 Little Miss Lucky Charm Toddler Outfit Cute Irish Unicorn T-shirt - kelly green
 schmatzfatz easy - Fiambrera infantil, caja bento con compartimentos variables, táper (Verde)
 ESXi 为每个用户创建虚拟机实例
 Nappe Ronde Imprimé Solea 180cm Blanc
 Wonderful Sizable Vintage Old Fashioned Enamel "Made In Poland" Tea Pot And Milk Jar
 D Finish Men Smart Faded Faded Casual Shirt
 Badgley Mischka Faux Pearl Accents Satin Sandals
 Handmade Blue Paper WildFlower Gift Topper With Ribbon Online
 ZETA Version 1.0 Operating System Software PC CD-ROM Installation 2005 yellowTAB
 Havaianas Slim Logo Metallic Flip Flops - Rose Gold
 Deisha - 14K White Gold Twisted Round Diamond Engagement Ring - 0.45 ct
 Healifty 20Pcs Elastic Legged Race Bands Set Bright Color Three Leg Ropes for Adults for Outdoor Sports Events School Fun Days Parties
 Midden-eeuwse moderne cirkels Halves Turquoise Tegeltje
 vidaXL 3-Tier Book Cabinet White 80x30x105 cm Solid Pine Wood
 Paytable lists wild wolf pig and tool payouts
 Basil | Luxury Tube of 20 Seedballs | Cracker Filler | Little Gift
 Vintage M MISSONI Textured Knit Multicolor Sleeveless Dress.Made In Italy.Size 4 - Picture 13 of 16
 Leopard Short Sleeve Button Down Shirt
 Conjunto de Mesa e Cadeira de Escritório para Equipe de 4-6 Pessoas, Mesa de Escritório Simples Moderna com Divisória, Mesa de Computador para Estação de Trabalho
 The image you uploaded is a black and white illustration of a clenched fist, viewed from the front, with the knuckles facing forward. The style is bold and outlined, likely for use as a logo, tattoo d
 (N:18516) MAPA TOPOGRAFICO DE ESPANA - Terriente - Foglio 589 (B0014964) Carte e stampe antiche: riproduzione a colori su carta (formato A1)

========================================================================

Work out the count of lines in the data above containing the string "Gold". Give it alone.

- WRITTEN ANSWER
2